§ WORK TASK:
For the string "Used", state how many lines of the data hold it. Give nothing besides the number.

(Stored records)
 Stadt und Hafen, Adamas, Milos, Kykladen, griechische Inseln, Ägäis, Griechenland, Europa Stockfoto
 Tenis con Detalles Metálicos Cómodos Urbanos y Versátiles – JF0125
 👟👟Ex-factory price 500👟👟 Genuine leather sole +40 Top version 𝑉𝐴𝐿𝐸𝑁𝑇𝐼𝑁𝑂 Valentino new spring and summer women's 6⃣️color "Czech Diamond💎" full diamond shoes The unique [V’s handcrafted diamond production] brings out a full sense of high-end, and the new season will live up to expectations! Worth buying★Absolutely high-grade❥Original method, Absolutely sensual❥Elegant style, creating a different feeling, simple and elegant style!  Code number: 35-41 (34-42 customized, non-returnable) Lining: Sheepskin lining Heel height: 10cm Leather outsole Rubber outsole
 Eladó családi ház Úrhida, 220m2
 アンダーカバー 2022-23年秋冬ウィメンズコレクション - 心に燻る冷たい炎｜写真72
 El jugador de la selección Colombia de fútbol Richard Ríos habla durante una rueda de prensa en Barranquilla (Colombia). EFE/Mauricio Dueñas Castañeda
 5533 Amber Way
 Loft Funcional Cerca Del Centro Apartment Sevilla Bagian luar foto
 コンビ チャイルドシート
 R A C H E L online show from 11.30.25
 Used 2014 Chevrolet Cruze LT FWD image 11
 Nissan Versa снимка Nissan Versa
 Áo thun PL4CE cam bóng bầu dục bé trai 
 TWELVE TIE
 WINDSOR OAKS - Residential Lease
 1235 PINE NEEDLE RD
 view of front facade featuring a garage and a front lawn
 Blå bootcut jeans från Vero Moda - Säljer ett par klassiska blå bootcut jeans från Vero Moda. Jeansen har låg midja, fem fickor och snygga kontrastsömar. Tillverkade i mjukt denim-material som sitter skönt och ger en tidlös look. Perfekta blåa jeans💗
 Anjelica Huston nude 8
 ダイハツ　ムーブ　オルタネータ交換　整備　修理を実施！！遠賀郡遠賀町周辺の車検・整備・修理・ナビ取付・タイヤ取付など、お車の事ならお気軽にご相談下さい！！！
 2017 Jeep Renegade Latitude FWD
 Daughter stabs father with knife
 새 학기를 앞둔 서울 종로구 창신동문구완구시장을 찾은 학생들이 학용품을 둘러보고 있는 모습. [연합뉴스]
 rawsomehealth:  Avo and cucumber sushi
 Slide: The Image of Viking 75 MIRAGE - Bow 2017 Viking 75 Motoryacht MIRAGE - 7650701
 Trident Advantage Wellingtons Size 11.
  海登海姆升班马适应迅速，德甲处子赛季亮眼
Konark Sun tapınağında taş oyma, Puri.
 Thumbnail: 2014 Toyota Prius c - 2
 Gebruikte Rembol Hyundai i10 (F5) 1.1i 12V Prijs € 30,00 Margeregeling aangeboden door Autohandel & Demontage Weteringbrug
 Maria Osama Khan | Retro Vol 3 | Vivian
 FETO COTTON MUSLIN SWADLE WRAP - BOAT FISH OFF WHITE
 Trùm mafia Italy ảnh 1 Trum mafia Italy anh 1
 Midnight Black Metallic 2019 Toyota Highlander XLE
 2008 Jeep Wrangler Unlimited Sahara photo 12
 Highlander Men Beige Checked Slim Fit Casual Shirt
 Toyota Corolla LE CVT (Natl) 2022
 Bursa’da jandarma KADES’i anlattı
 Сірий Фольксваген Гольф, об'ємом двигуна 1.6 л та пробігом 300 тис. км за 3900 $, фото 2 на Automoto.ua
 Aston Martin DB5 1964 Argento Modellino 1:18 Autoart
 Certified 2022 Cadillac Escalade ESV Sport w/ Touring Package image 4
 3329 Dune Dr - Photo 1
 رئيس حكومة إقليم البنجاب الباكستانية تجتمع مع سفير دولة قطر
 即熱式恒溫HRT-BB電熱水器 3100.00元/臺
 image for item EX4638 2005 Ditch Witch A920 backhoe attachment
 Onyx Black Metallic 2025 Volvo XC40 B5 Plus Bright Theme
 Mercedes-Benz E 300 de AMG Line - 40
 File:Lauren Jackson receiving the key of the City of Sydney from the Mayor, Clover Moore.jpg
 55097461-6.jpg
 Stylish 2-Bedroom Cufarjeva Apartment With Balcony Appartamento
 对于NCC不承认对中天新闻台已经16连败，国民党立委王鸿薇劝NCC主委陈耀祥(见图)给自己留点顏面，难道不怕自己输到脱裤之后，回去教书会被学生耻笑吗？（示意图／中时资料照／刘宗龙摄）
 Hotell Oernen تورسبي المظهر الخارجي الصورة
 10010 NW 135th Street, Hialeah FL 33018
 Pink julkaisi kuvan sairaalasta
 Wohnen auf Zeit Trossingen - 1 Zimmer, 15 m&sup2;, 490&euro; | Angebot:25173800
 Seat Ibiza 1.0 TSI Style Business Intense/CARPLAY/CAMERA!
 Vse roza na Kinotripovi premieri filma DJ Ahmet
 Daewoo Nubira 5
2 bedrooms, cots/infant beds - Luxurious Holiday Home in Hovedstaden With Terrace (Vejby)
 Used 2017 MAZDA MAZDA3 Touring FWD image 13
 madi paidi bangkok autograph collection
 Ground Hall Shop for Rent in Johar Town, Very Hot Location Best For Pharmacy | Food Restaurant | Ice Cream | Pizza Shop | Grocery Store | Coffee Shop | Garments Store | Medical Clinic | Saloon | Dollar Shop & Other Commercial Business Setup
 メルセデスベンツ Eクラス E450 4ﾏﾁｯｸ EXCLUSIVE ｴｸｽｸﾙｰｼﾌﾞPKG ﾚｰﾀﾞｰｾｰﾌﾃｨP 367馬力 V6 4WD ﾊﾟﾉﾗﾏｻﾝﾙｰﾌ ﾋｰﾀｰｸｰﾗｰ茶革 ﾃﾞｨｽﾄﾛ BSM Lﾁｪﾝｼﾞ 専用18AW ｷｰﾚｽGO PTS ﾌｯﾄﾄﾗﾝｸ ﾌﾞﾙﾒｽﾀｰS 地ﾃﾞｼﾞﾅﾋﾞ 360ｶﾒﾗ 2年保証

§ OUTPUT BELOW:
2